BEGIN

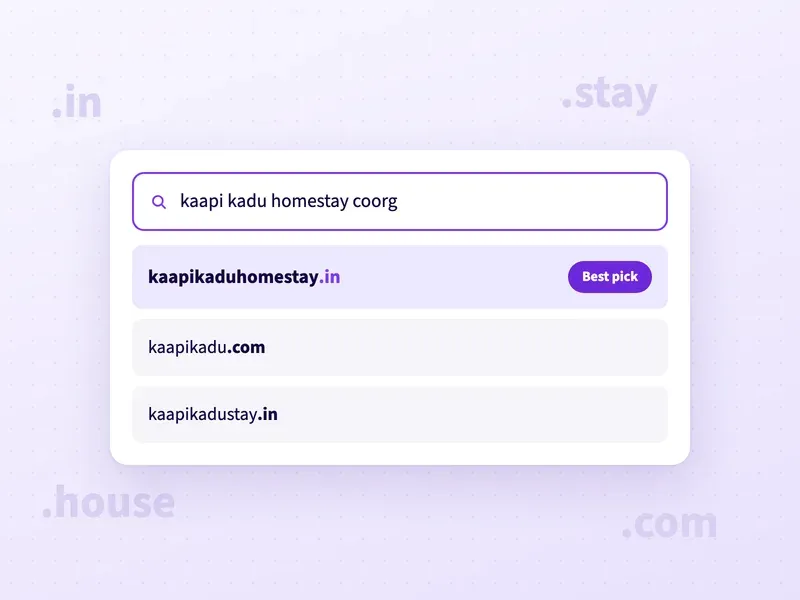 Domain name ideas for a homestay in Coorg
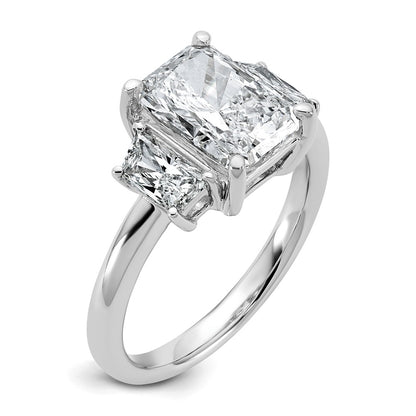 14K White Gold 3 1/3 carat Lab Grown Diamond VS+ F+ Radiant and Trapezoid Complete Three Stone Engagement Ring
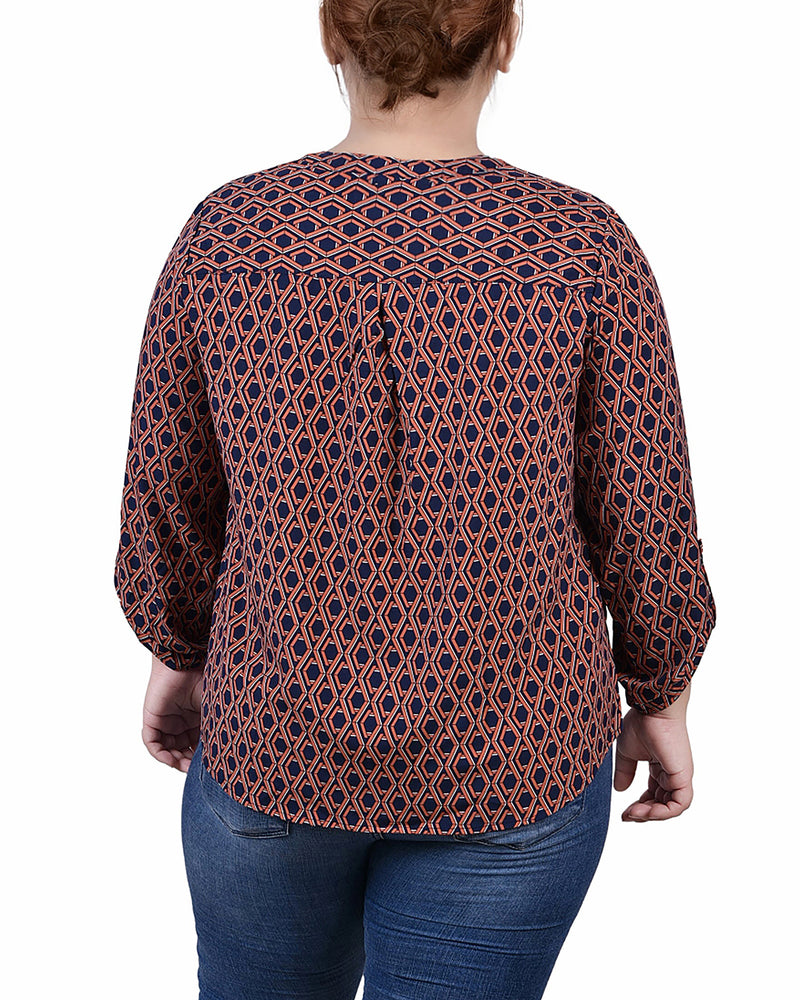 Plus Size 3/4 Roll Tab Sleeve Y-Neck Blouse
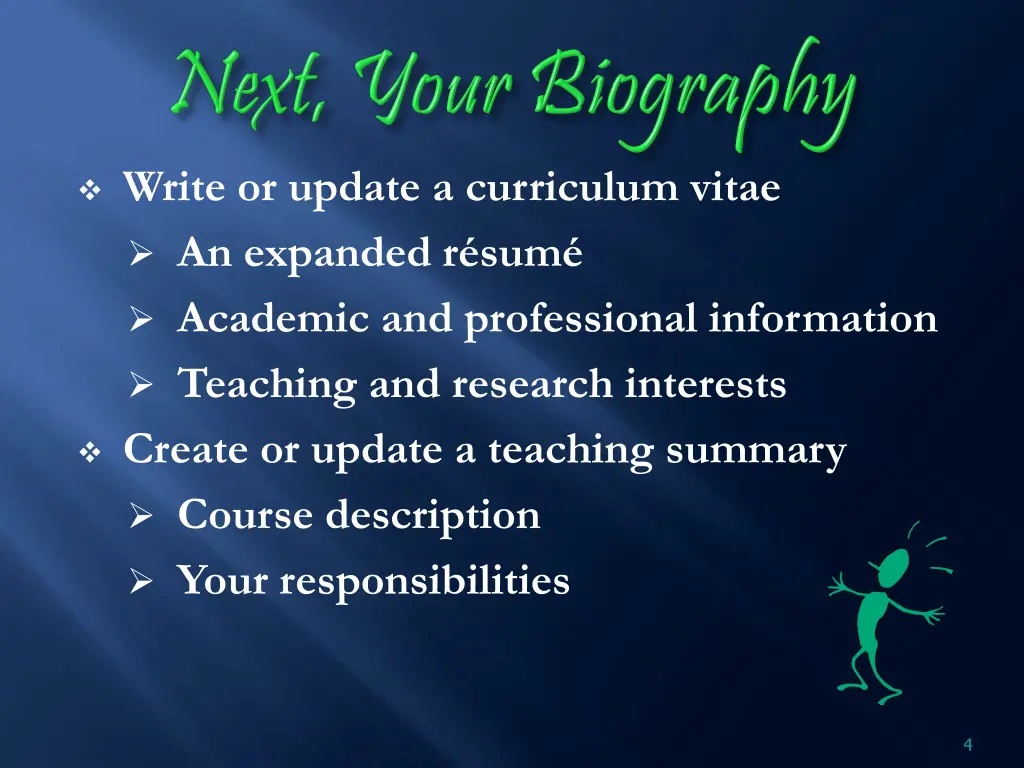 write or update a curriculum vitae an expanded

END

Exercise brief
Copy out the listing above exactly, and keep the pictures out of it.

Result
 Domain name ideas for a homestay in Coorg
 14K White Gold 3 1/3 carat Lab Grown Diamond VS+ F+ Radiant and Trapezoid Complete Three Stone Engagement Ring
 Plus Size 3/4 Roll Tab Sleeve Y-Neck Blouse
 write or update a curriculum vitae an expanded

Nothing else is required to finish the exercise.